Half Baked: The Chef Mentalist
Patty Canedo is a chef in Palm Beach. She writes frequently about her kitchen exploits in this column, Half-Baked.
Photo by gregoirevdb
What do would my kitchen cohorts want to read about? What would catch my colleagues minute attention span? What's the buzz on the line? I'm daunted by these questions every time I step up to my laptop attempting to arouse clicks and solicit comments. It wasn't until after engaging in some unusual drunken high jinks I came to a realization about the mental state of a Chef.
Your average boozer may wake up to find they've billigerently dialed/texted/posted, gained or lost intimate items of clothing, or a random followed them home. The stale flavored repercussions of last night were on the precipice of sending my day into a downward spiral. But alas, I was salvaged from my grim porcelain fate by a warm, buttery and (may I say) fabulous aroma coming from my kitchen. In my stooper, I had quartered and roasted a whole chicken.
With all ten digits intact and accounted for, I enjoyed a tasty breakfast of scrambled eggs and lemon, rosemary delight. Enjoying (and still laughing at) my drunken cooking the obviousness of this life occurred too me. There's no rhythm or reason to it! We are an absurd, unusual, mischievous group of individuals brought together by a wavering line of passion and insanity. With my idols, mentors and, especially, friends in mind here's a look into the psyche of a Chef.
The Rush--the busiest hours of service but also the fuel that stokes our fires. Chef refers to it as a switch that flips on the moment things are about to hit the fan. When the pressure is really intense chefs rise (out of a coma if need be), we rally and we prevail one way or another. It's part of who we are. We thrive on it. We live for it.
Broke? About to be kicked out? Car brokedown? Nasty break up? It's ironic how often the kitchen is the source of but also the salvation from our problems. Faced with the hardness and frustrations of life, there's a sense of comfort on the line. At the very least, the workload will take your mind off your problems. As Chef says, "this is your space, your place from the world. Nothing out there can get you behind the line."
This is a chef's most revealing trait. What's on your plate shows everything to experience and skill to background and mood. That's right, you can taste when someone in the kitchen is having a bad day.
Much like a knife or a saute pan, you can't be a chef without one. If a chef doesn't have confidence in himself in the kitchen, no one else will. On the other hand, left unchecked and running rampid the insipid chef ego is intolerable. It begins to alienate (and piss off) everyone around it with it's merciless and brutal presence. The only resolutions to this matter; public berating by superior, critic and/or guest, demotion/firing, or being locked in the freezer.

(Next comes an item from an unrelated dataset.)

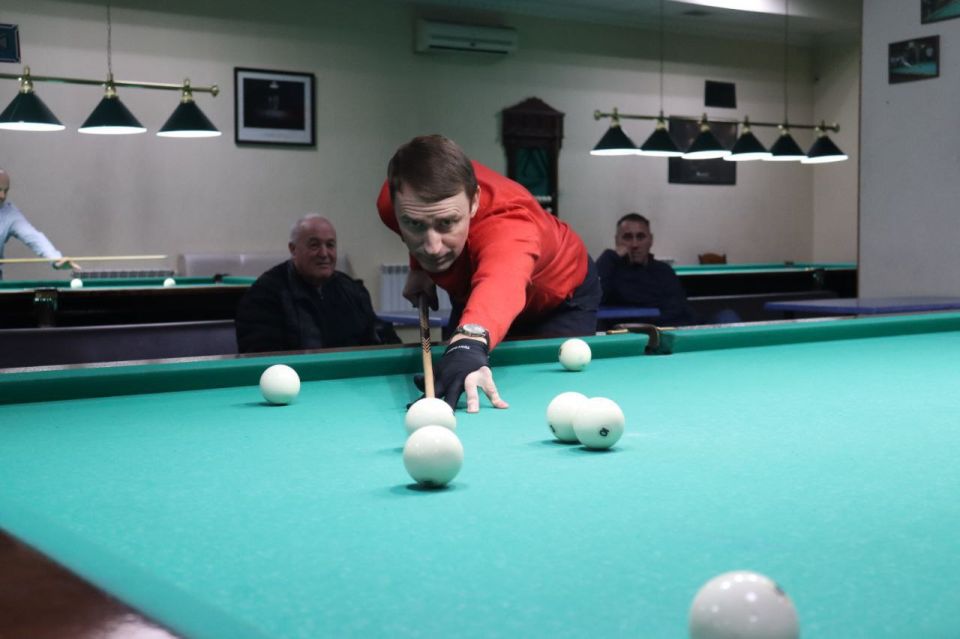 ������ �� �������� ����� ���������� ������������������λ: ���������� ������ �� ������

Your average sensual pleasures may register but few people get the true inner workings of our hot line. Who else finds the smell of onions, garlic and fish so alluring? The colors and freshness in the seasons' flavors cultivated at their peak is pure bliss. Place a raw piece in need of fabricating on a cutting board next to a knife with a sharp edge is an aphrodisiac. A night of feeding the masses with a smooth running line putting out sexy plates is our hot spot. But ectasy is someone who not only gets but appreciates all those things.